Aller vers les jeunes publics
“On a souhaité être moins muséal et aller davantage vers les habitants, les jeunes et les scolaires pour leur permettre de découvrir ces savoir-faire et leur donner envie, peut-être, de s’intéresser à ces formations“, défend Julie Lefebvre, vice-présidente d’Est Ensemble, en charge du développement économique, de l’emploi et de l’insertion.
Céramistes, forgerons, joailliers, artisans du textile, verriers et artistes… le panel de métiers d’art représentés est vaste. Pour les faire découvrir, la biennale présentera aussi les travaux d’élèves comme ceux réalisés par les classes métiers d’art soutenues par l’intercommunalité. “Chaque année, on propose deux parcours sur deux semestres à 18 élèves du cursus. C’est une option qu’ils choisissent en fin de 4ᵉ dans le cadre de leur orientation. Chaque jeudi, on va dans l’atelier des artisans durant trois heures“, explique Annabelle Vesin, professeur responsable de la classe des métiers d’art du collège Jean Lolive. Pour la deuxième année, les partenaires de la classe sont l’Atelier M.U.R.R. où les élèves travaillent sur la typographie à l’ancienne et gravure sur lino, et la bijoutière Aurélie Lejeune.

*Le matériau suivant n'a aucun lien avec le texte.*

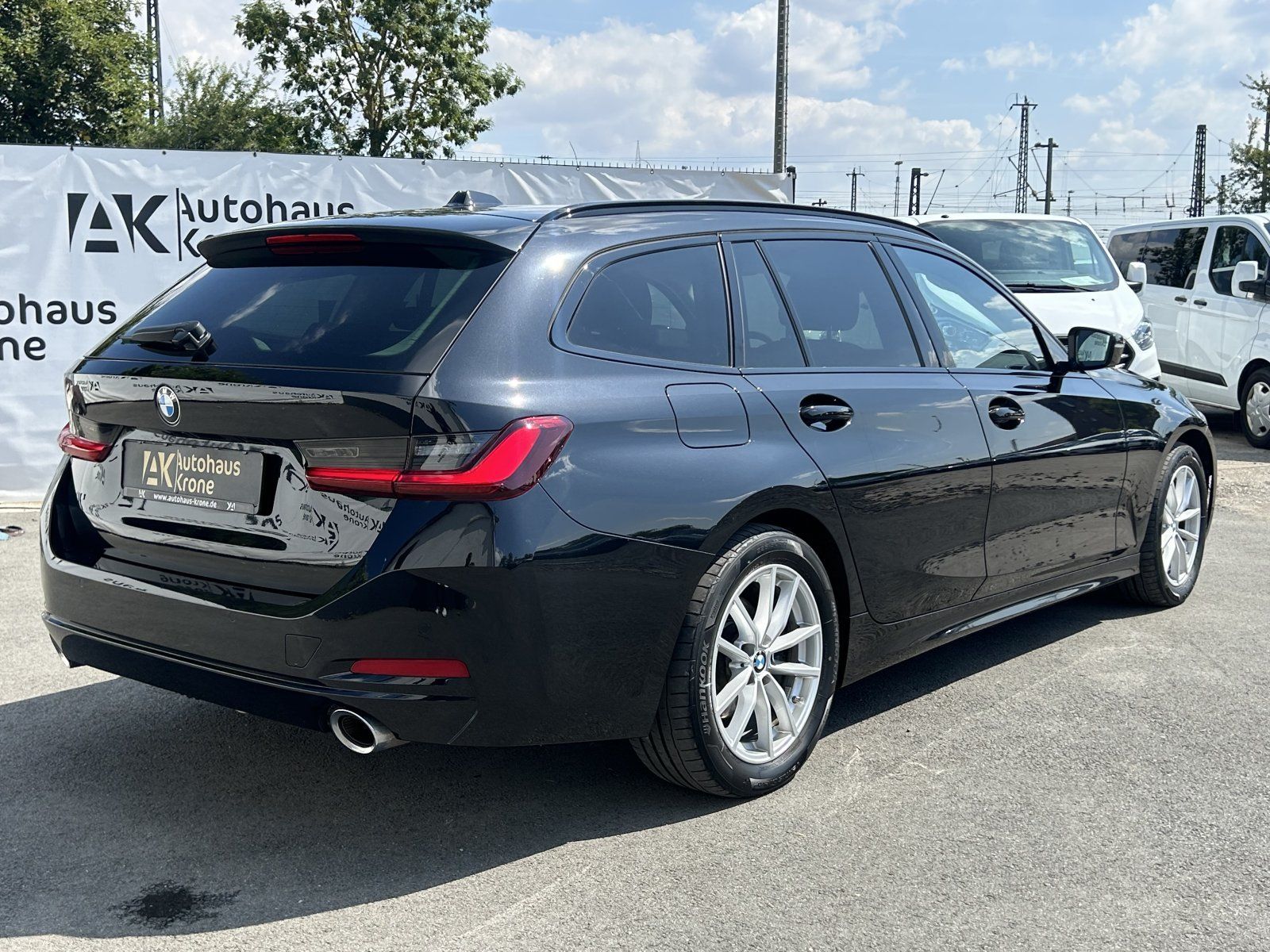 BMW 320 d xDrive - Samsaru's Car Outlet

“On choisit les élèves en fonction de leur motivation“, détaille sa consœur Audrey Cellamen. “Ça leur permet de découvrir l’existence de ces métiers et c’est aussi très bénéfique pour les élèves qui sont les plus turbulents. À travers le geste, ils se reconcentrent et peuvent gagner confiance eux.” Dans le cadre de la Biennale, les élèves présenteront aussi leurs travaux : un almanach et un collier réalisé avec de la porcelaine froide et du laiton.
“Je suis frappé par le nombre de rideaux qui ont fermé“
L’implantation d’ateliers d’artisans d’art s’est poursuivie durant les vingt dernières années. “Ce territoire a une forte histoire industrielle et artisanale. À toutes les étapes de la création, on retrouve d’anciennes fabriques de tanneurs, de teinturiers… “, souligne Alexie Lorca, vice-présidente d’Est Ensemble chargée de la culture et de l’éducation populaire. “On a fait le pari de donner de la visibilité à ces savoir-faire d’excellence en invitant les artisans à s’installer dans un quartier très populaire, celui des Quatre chemins. Cela a contribué à transformer l’image du quartier et de la ville. C’est ce pari un peu fou à l’époque qui a donné naissance à cette Biennale“, rappelle Salim Didane, adjoint au maire PS de Pantin délégué notamment au développement territorial et à l’emploi. “Mais je suis frappé par le nombre de rideaux qui ont fermé. Depuis la crise sanitaire, beaucoup d’artisans sont partis et ont quitté la région parisienne. Ceux qui restent nous font part de leur difficulté à dégager un salaire, même s’il y a des pépites qui réussissent“, déplore l’élu.
Un coût du foncier rédhibitoire
“La question des locaux en pied d’immeuble est une réelle difficulté. Les loyers ont été multipliés par quatre, cinq ou plus parfois. De 50 à 70 euros à l’époque, ils sont passés à 200-350, constate Salim Didane. Alors nous travaillons à faire un état des lieux des locaux, à discuter avec les bailleurs publics et privés pour trouver des solutions.“ Parmi les options envisagées : la création d’un Office foncier solidaire sur le modèle de celui d’Est Ensemble, pour contenir la pression exercée sur le marché locatif. Pour la municipalité, l’enjeu est non seulement de maintenir une activité économique, mais, au-delà, l’écosystème qui participe à l’apaisement et l’attractivité.
*L’établissement public territorial Est Ensemble regroupe neuf villes: Bagnolet, Bobigny, Bondy, Les Lilas, Le Pré-Saint-Gervais, Montreuil, Noisy-le-Sec, Pantin et Romainville.